**INSTRUCTIONS TO FOLLOW**
Every line from the one containing "Gadroad Round End" through the end of the listing below must be given again exactly, and nothing else; exclude pictures.

**COLLECTED MATERIAL**
****************

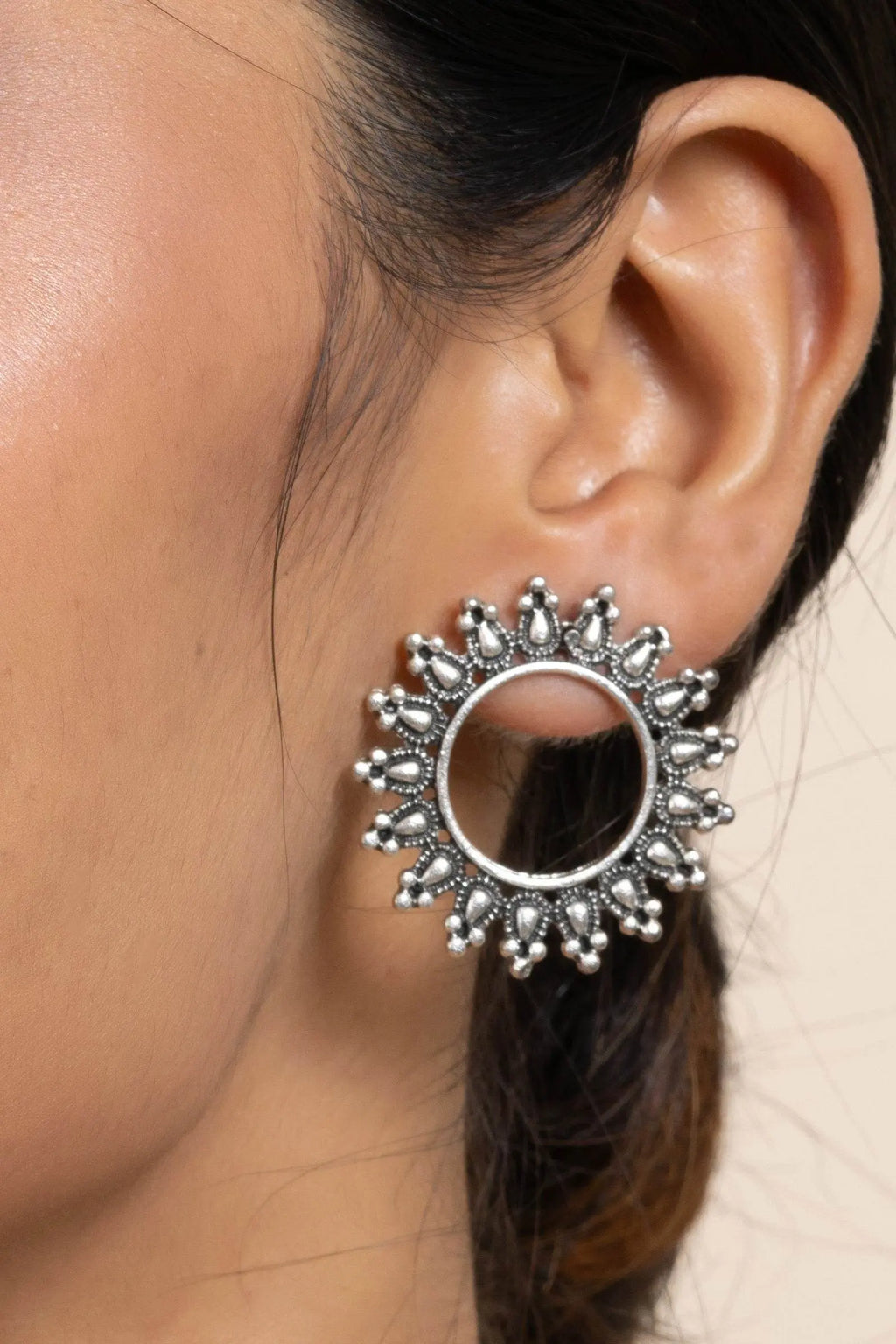 German Silver Hollow Circular Stud Earrings for Everyday Elegance and Special Occasions - Lookandadorn.com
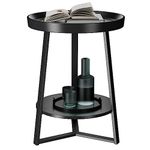 Gadroad Round End Table with Storage Shelf, 2 Tier Farmhouse Circle Side Table Nightstand Sofa Table for Living Room, Bedroom, Wood Tabletop & Black Metal Frame (15.7 * 15.7 * 23.6inches, Black)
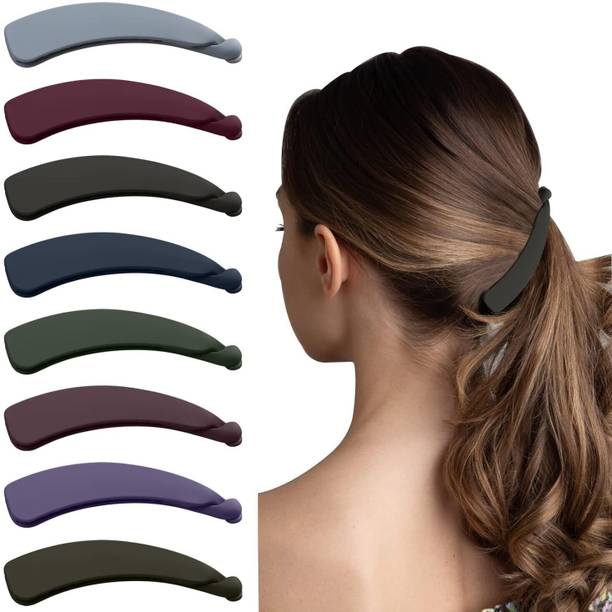 VORSET Pack of 4 Matt Banana Hair Clip Self Lock Acrylic matte Finish Medium Size Banana Clip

****************

**EXPECTED ANSWER**
 Gadroad Round End Table with Storage Shelf, 2 Tier Farmhouse Circle Side Table Nightstand Sofa Table for Living Room, Bedroom, Wood Tabletop & Black Metal Frame (15.7 * 15.7 * 23.6inches, Black)
 VORSET Pack of 4 Matt Banana Hair Clip Self Lock Acrylic matte Finish Medium Size Banana Clip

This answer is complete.